WHO flu experts' ties to Roche, GSK kept secret

Transparency is a watchword these days. Almost everyone--from drugmakers to the National Institutes of Health to teaching hospitals--is rolling out information about the financial ties among industry, physicians and academia. So why not the WHO?

That's the question the British Medical Journal and the Bureau of Investigative Journalism are asking. The impetus: A joint investigation that revealed some flu experts who helped WHO draw up plans for dealing with pandemic flu had been paid consultants to Roche and GlaxoSmithKline (NYSE: GSK). They are, of course, the two companies that happen to make the antiviral drugs Tamiflu and Relenza, which governments around the world stockpiled to prepare for an influenza stampede.

The BMJ authors want to know why those ties weren't disclosed. And they question the WHO's policy of keeping the names of its key flu committee secret. How can potential conflicts of interest even be assessed?

"The investigation reveals a system struggling to manage the inherent conflict between the pharmaceutical industry, WHO, and the global public health system, which all draw on the same pool of scientific experts," the BMJ article states. A Roche official cited the "limited number of people" who have the depth of experience with flu that everyone wants to tap; "It's not surprising that we are going to be seeking advice from the same groups of people," he said.

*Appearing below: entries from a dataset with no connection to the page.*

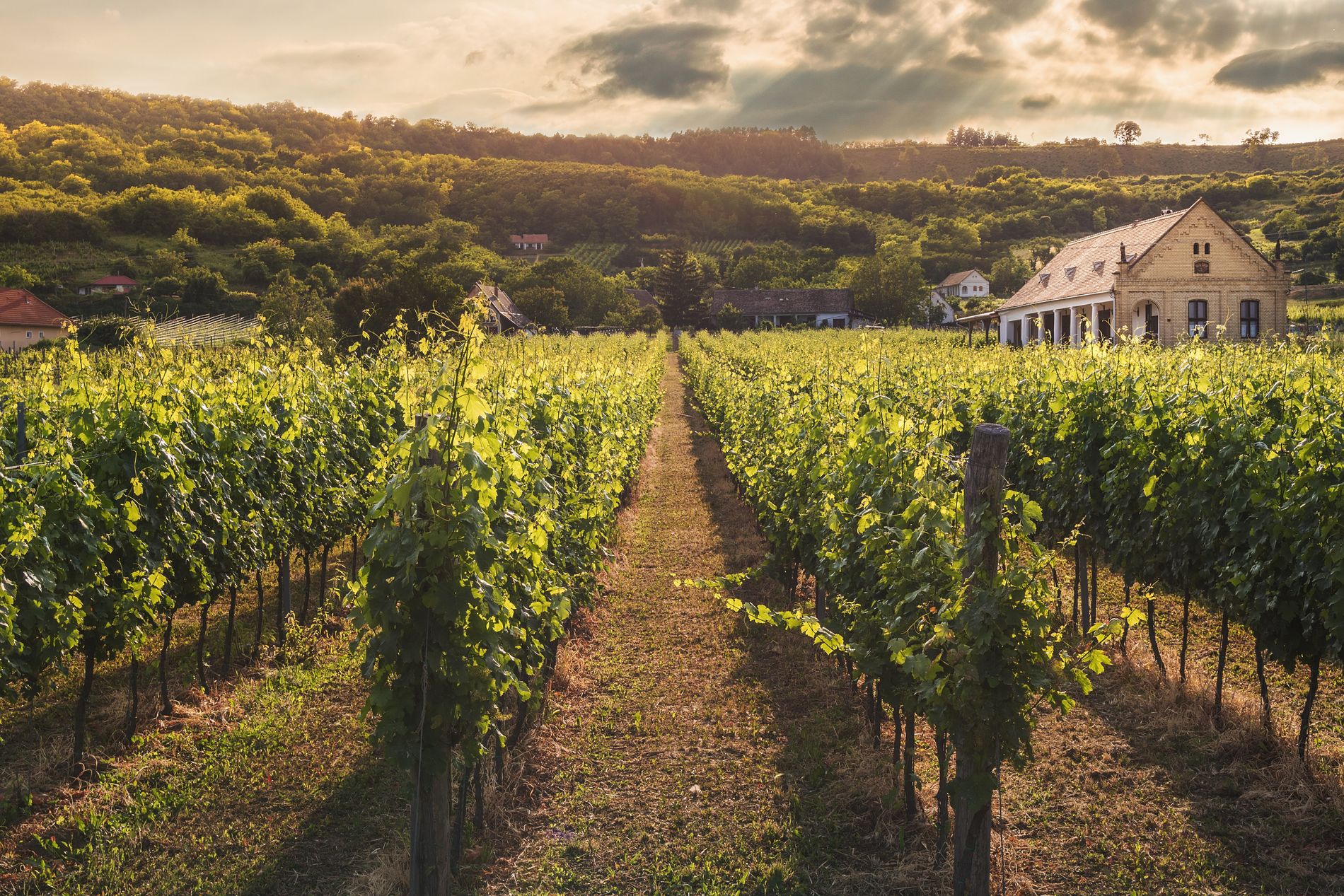 Napa Valley vineyard at golden hour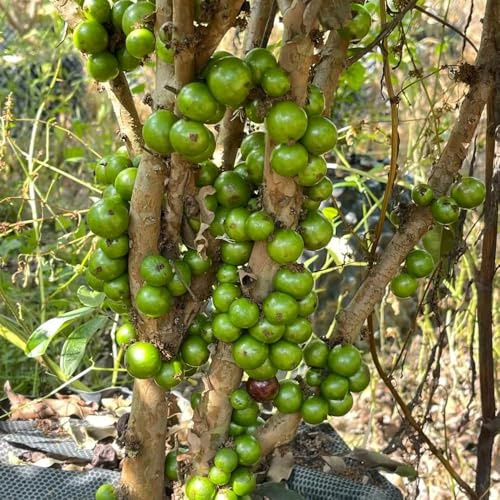 jabuticabasamen obstbaum seltene gartenpflanzen winterhart winterharte kübelpflanzen pflanzensamen winterfeste für balkon spalierobst winterfeste 30samen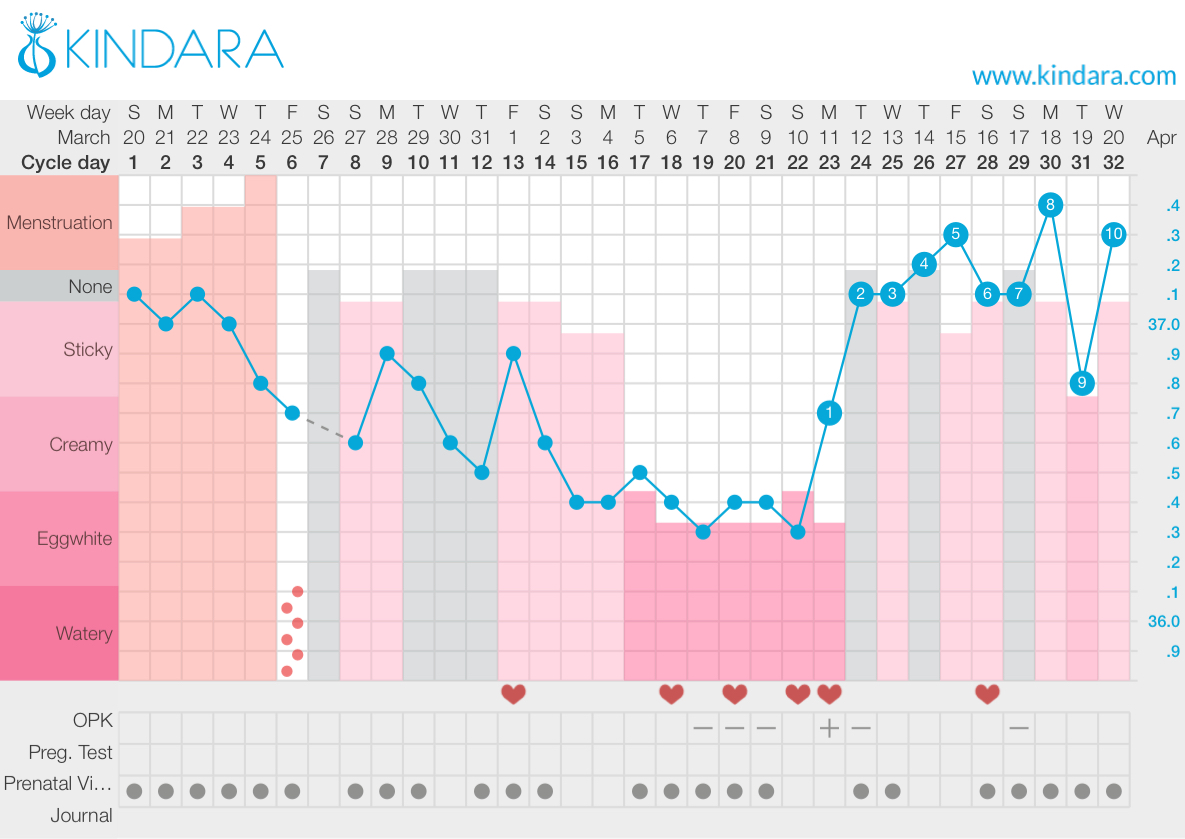 36 Day Menstrual Cycle Chart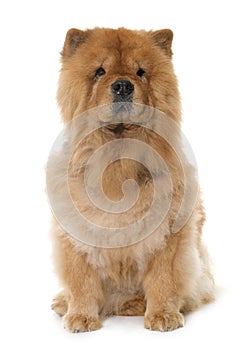 Chow chow in studio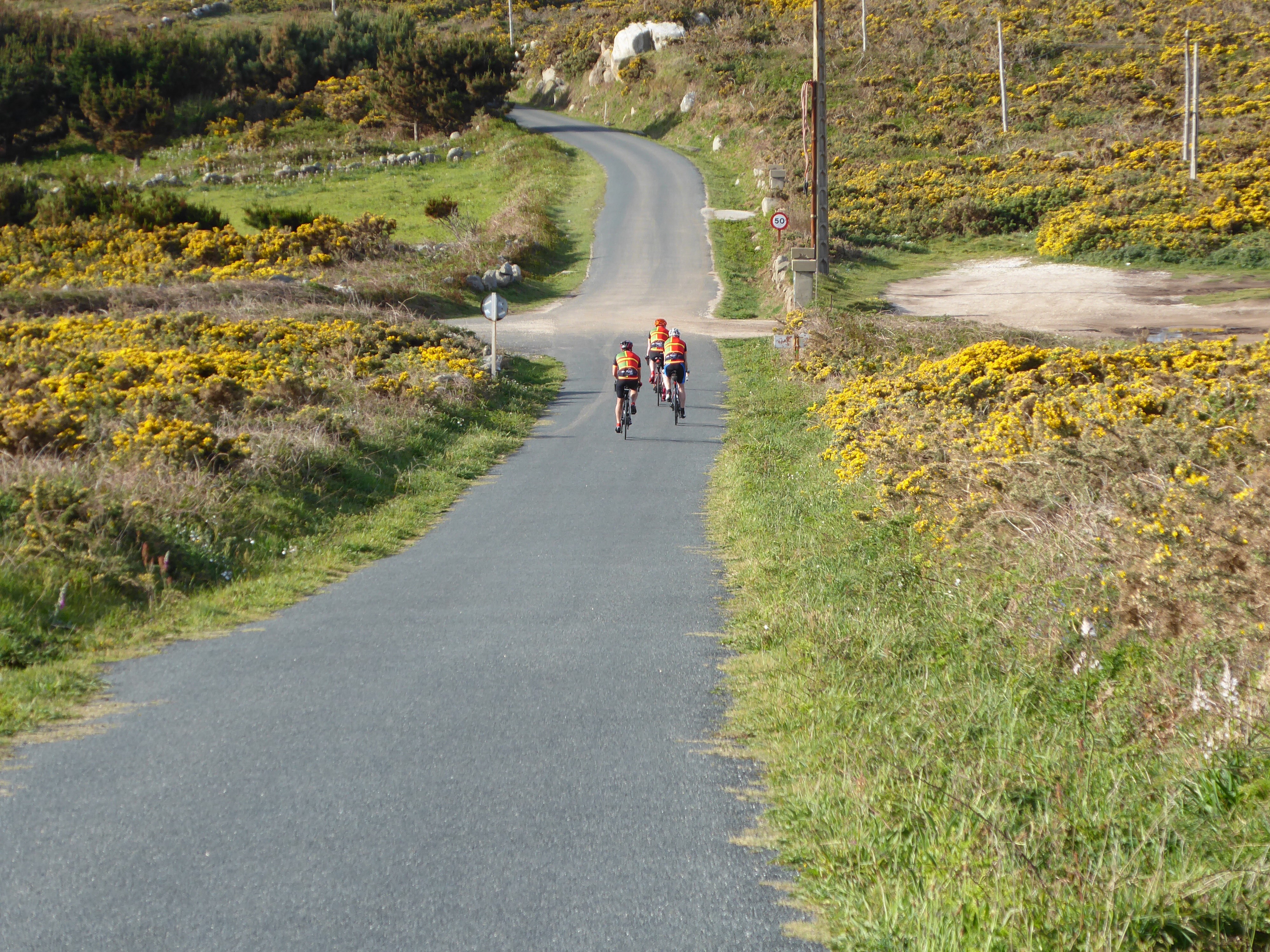 This image has an empty alt attribute; its file name is img_1205-1.jpg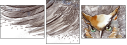 50509602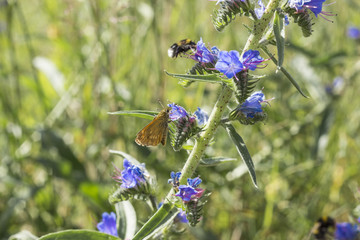 Motyl siedzący na kwiatku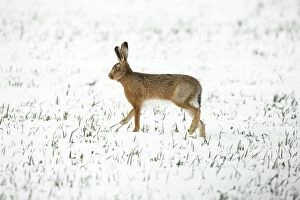 RES-833 Brown Hare in snow
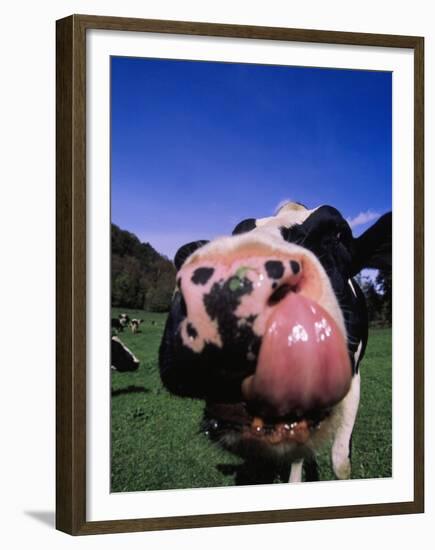 Close-up of a Holstein Cow's Mouth and Tongue-Lynn M^ Stone-Framed Premium Photographic Print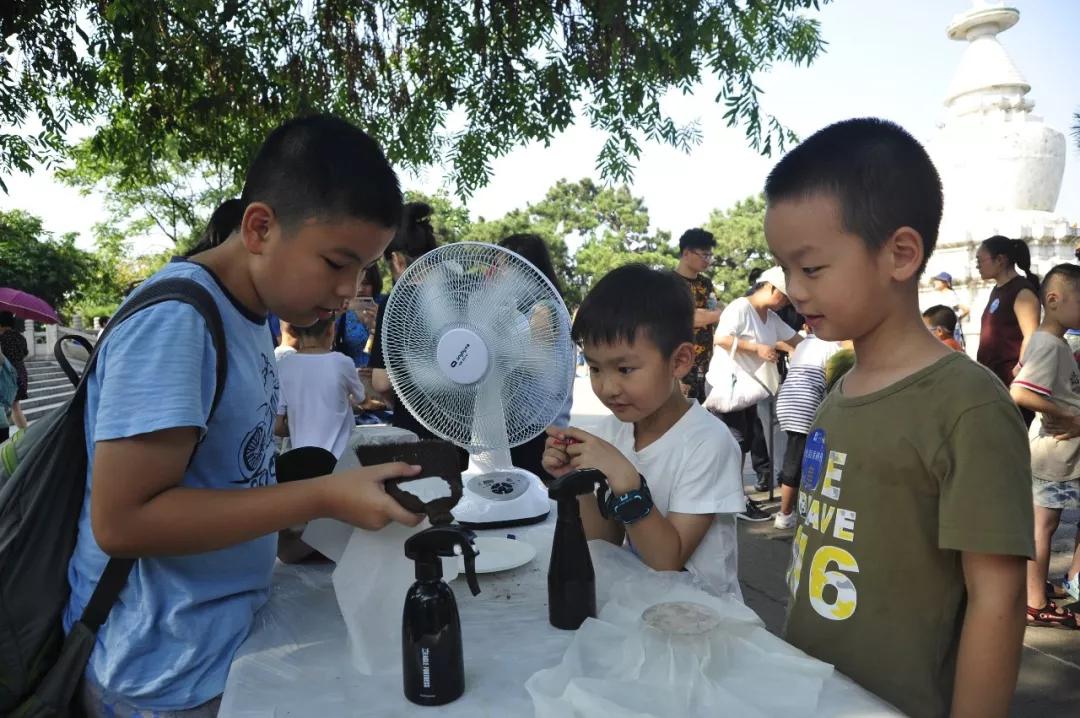 现在的小学生都这么厉害了吗？古代技艺都会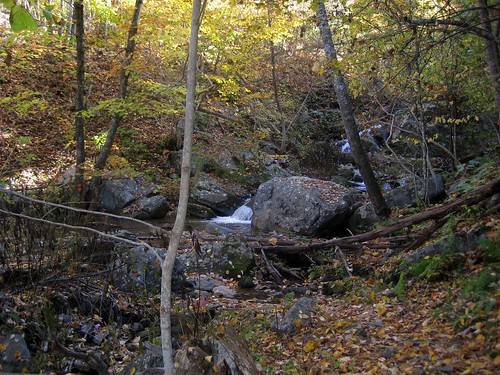 Ivy Creek 2006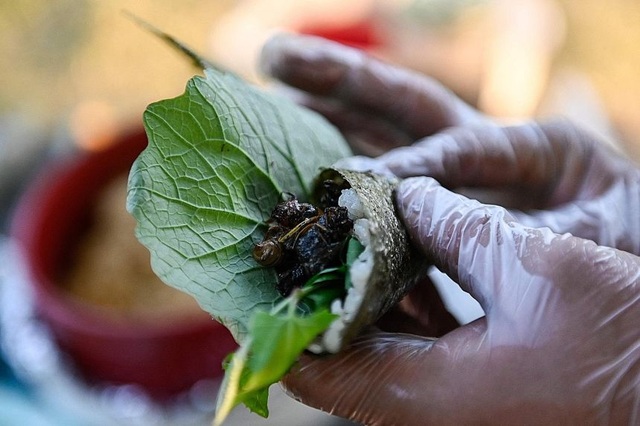 Ve sầu ngủ vùi 17 năm dưới đất… thành món sushi có một không hai - 5 Ve sầu ngủ vùi 17 năm dưới đất… thành món sushi có một không hai - 5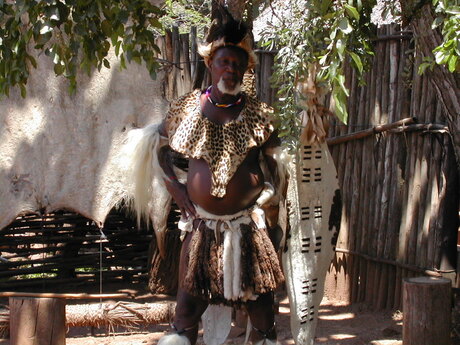 Zulu Warrior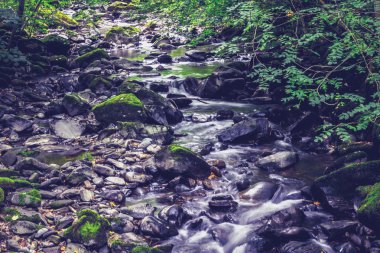 Woodland akış su
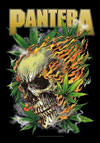 PANTERA (SKULL LEAF) Flag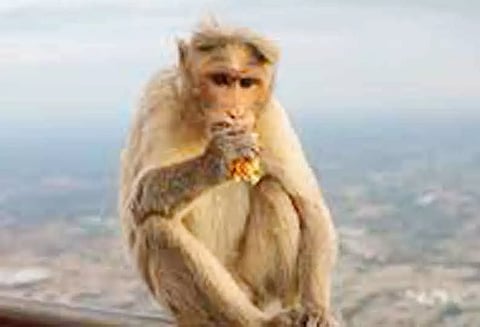 சுற்றித்திரியும் குரங்குகள்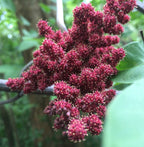ampelocissus martini (wild grape)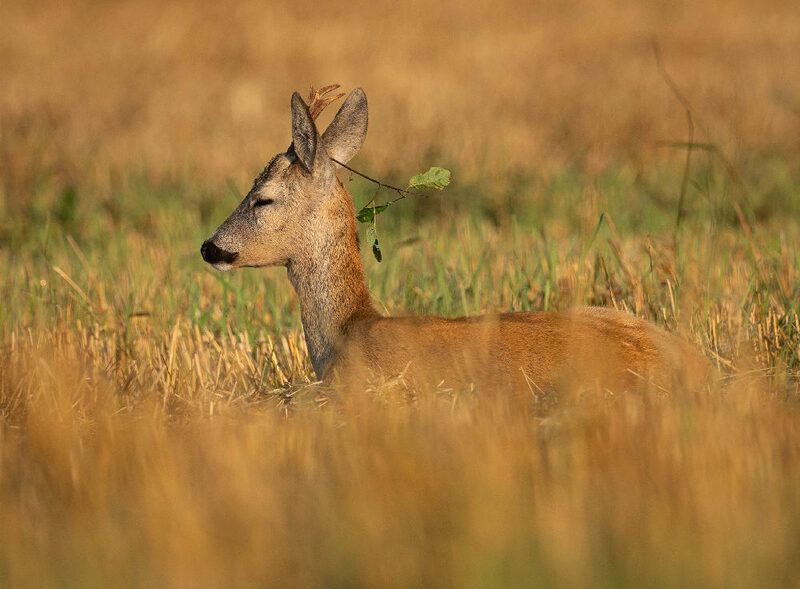 Отдых фото превью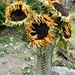 Sunflowers by philm666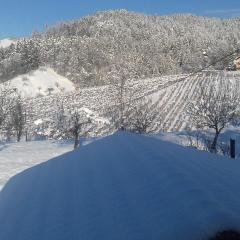 Rural Retreat - Comfort Oasis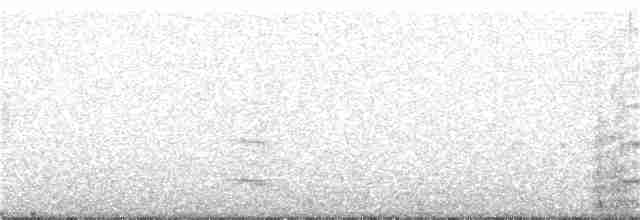 Серогрудый питуи - ML62037001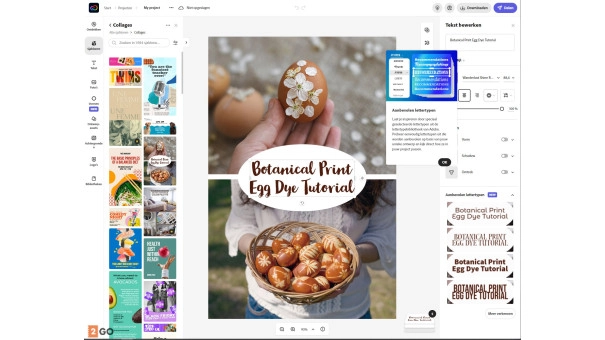 Adobe Express Premium | 1 Jaar | Windows | Mac | Android | iOS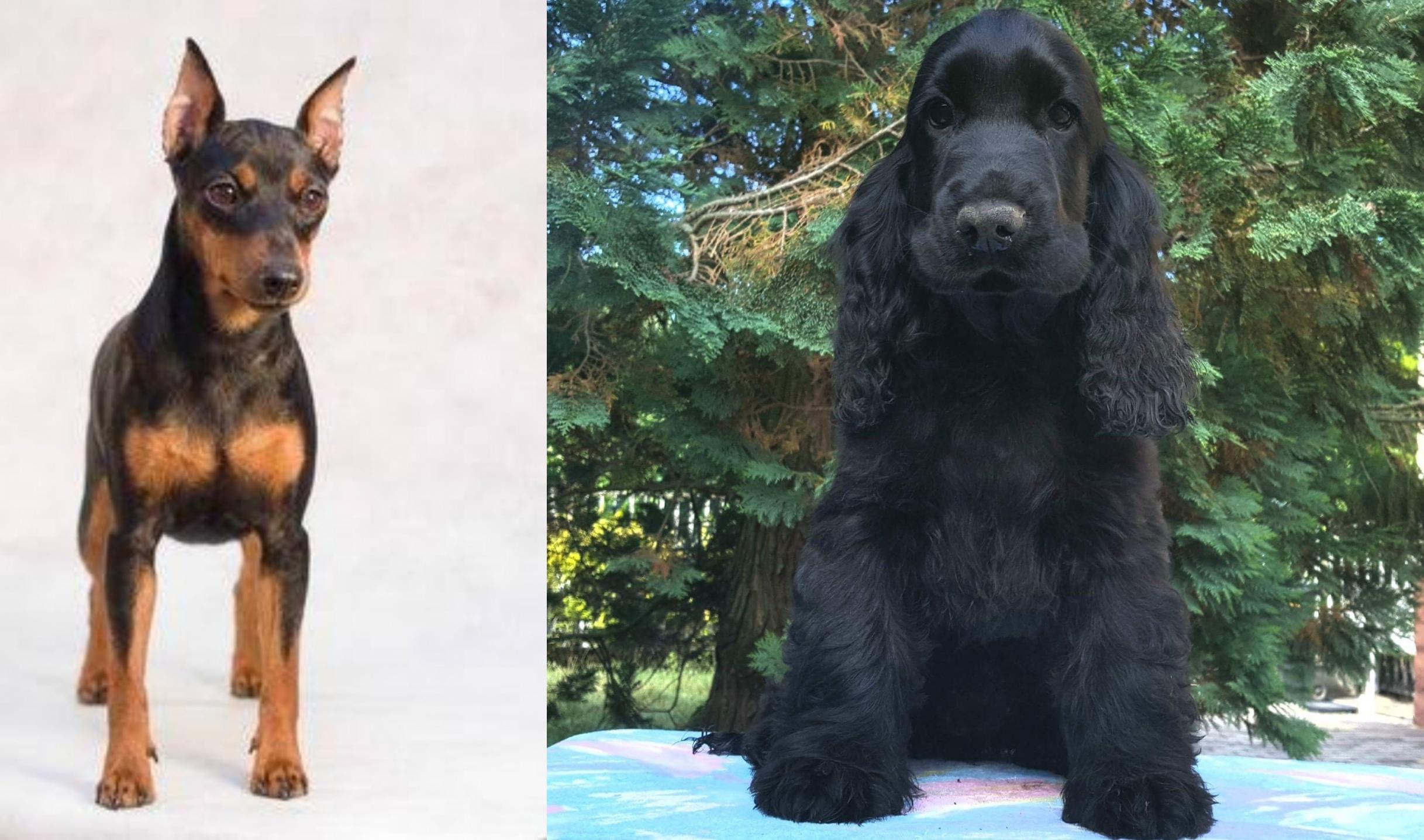 Miniature Pinscher vs American Cocker Spaniel Breed Comparison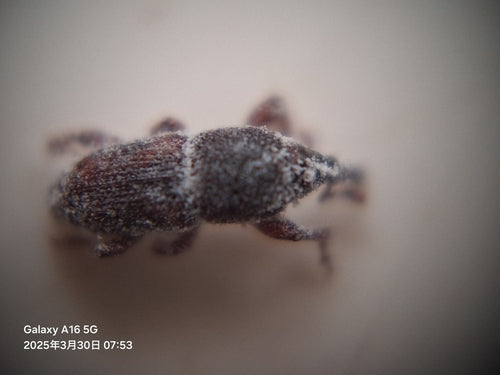 Reiskäfer — Bild 1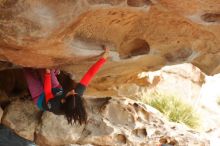 Bouldering in Hueco Tanks on 01/02/2020 with Blue Lizard Climbing and Yoga

Filename: SRM_20200102_1153150.jpg
Aperture: f/2.8
Shutter Speed: 1/250
Body: Canon EOS-1D Mark II
Lens: Canon EF 50mm f/1.8 II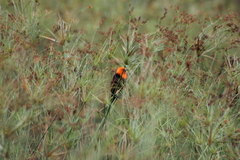 Amblyramphus holosericeus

WHO says it's confident that it was free of "undue influence" when it drafted its pandemic guidance. And it defends its practice of keeping panel members' identities secret, saying that it's this very secrecy that helps shield them from pressure. "We have to protect the neutrality of this advice," WHO spokesman Gregory Hartl tells Bloomberg.

The BBC, on the other hand, notes that simple disclosure would go a long way. Sure, everyone has to consult with a small pool of top flu experts, the news service states. But failing to disclose those relationships is a mistake: It just provides fuel to "critics and conspiracy theorists."